18. A process for recovery of hydrocarbons from mineral oil deposits, comprising the steps of:

(a) establishing fluid communication between a deposit and a collecting facility remote from the deposit,

(b) forming at least a first and a second substantially vertically spaced, planar fractures in a hydrocarbon bearing strata,

(c) injecting a filling medium incorporating electrically conductive particles into the fractures where the fractures are propped open by the medium,

(d) connecting a first electrode to the first fracture and a second electrode to the second fracture where said first and second electrodes are of opposite polarity,

(e) passing electrical current between the first and second fractures to promote migration of dielectric materials in the strata,

(f) establishing an injection point and a collection point in the strata where the points are located at the first and second fractures,

(g) injecting mining liquids into the strata at the injection point to render flowable and displace hydrocarbons contained in the strata toward the collection point; and

(h) collecting at the collecting point the flowable hydrocarbons.

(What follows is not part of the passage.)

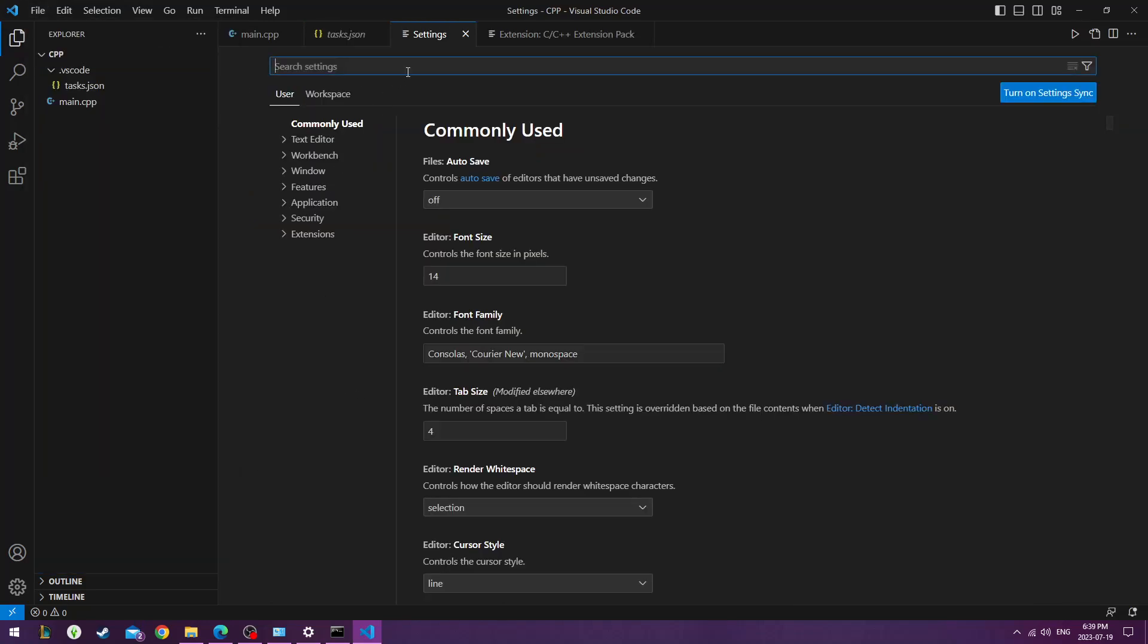I'm going to go under Preferences as well, just to increase my font size so you all can see it better.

19. A process according to claim 18 where the filling medium is fluid permeable.

20. A process according to claim 19 where the injection point is located at a lower level in the strata than the collection point.

21. A process according to claim 20 where the first fracture is horizontally disposed above and substantially parallel to the second fracture, and where the first fracture is connected to the negative electrode and the second fracture is connected to the positive electrode.

22. A process according to claim 18 further including the steps of continuous and hydrodynamic recycling the mining liquids by separating and regenerating from the hydrocarbons the liquids collected from the collecting point and reinjecting the mining liquids into the strata.